[Captioned web image data]

......

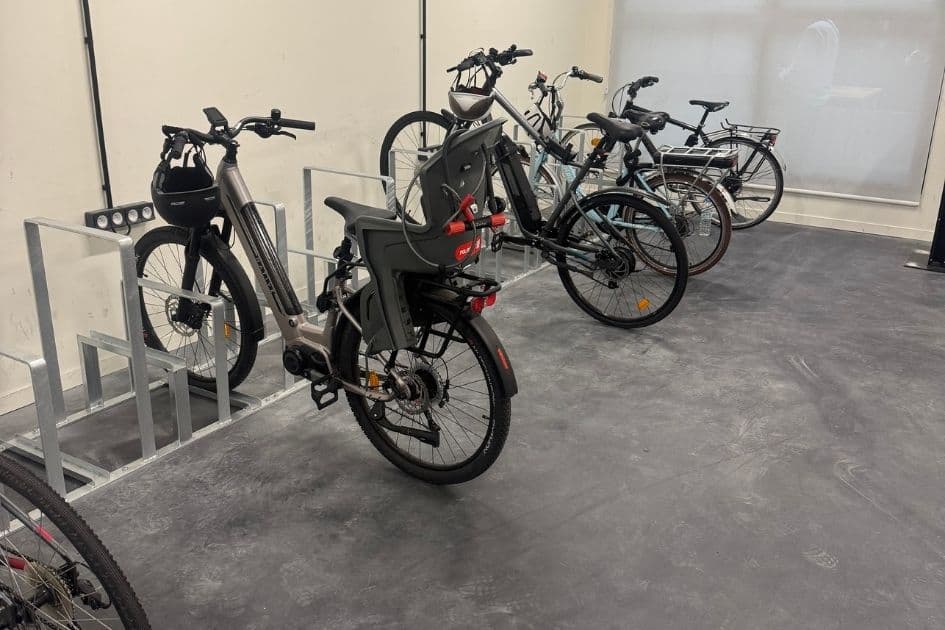 Local vélo intérieur aménagé avec arceaux et racks au sol Steelbox en acier galvanisé, plusieurs vélos garés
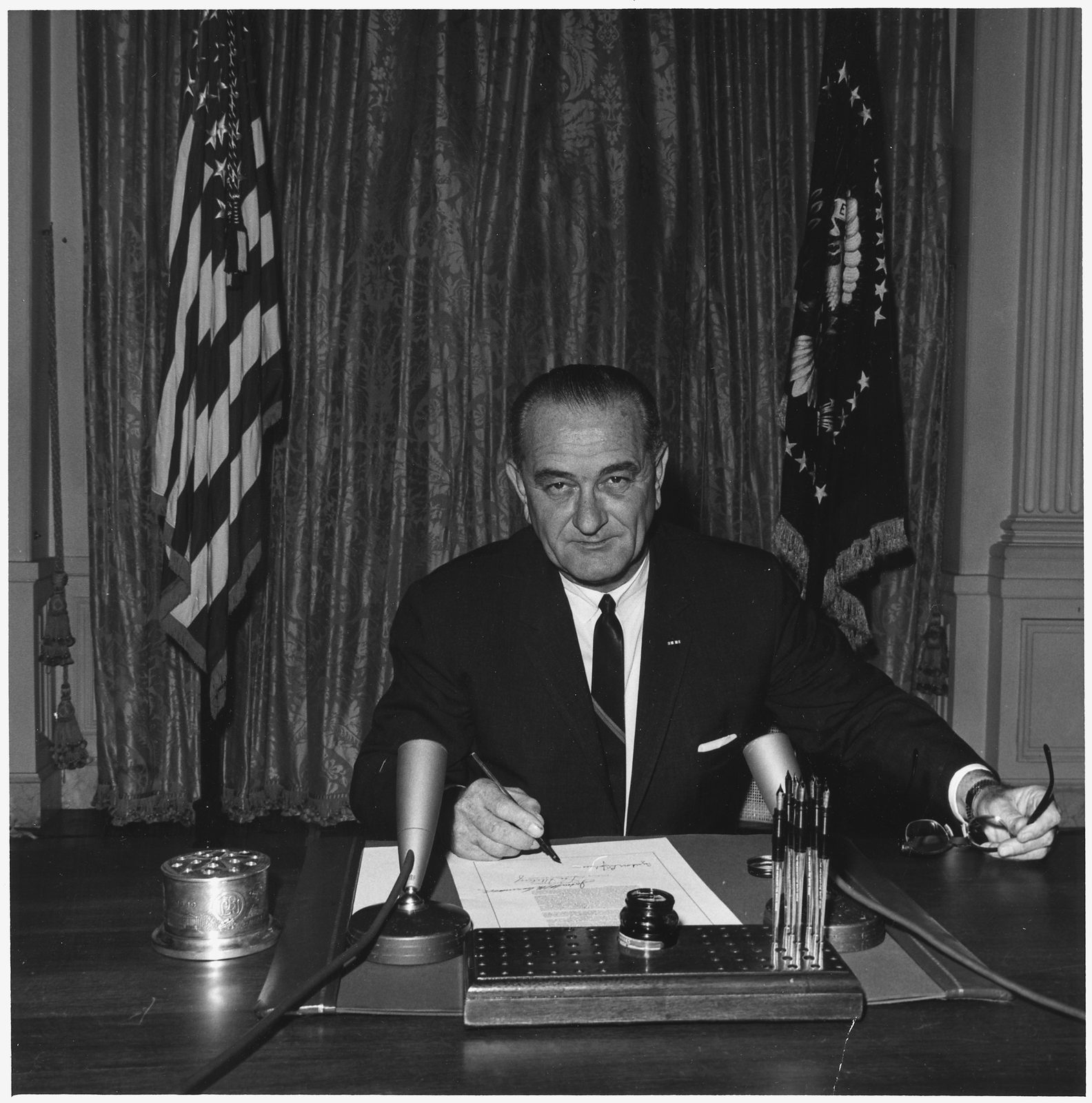 President Lyndon Johnson signs the Gulf of Tonkin Resolution, White House East Room, August 10 1964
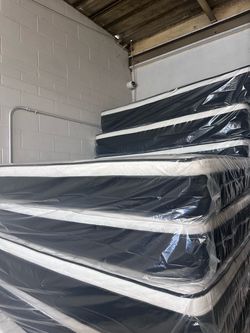 New Mattresses Still in Plastic Wrap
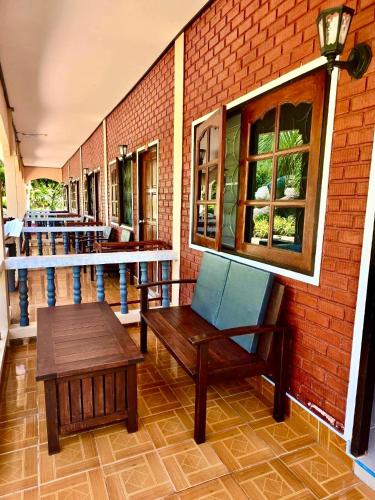 a porch with a bench and tables and a brick wall at Happy Lagoon Bungalow in Khao Lak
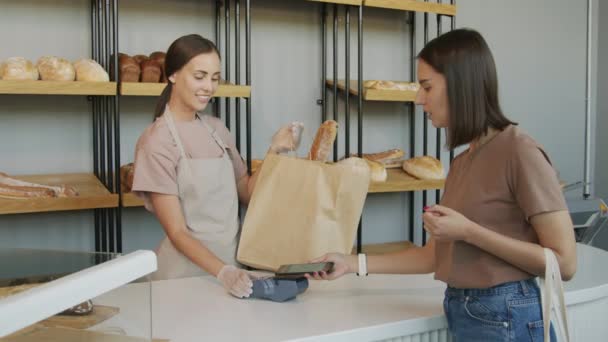 Slowmo záběr mladé ženy pomocí mobilního telefonu platit za čerstvě upečené zboží v útulné pekárně - Záběry, video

......

- **AIM OF THE TASK**
Pictures stay out. Repeat only the lines from the beginning of the data through the line that has "a porch with".

- **TASK RESPONSE**
 Local vélo intérieur aménagé avec arceaux et racks au sol Steelbox en acier galvanisé, plusieurs vélos garés
 President Lyndon Johnson signs the Gulf of Tonkin Resolution, White House East Room, August 10 1964
 New Mattresses Still in Plastic Wrap
 a porch with a bench and tables and a brick wall at Happy Lagoon Bungalow in Khao Lak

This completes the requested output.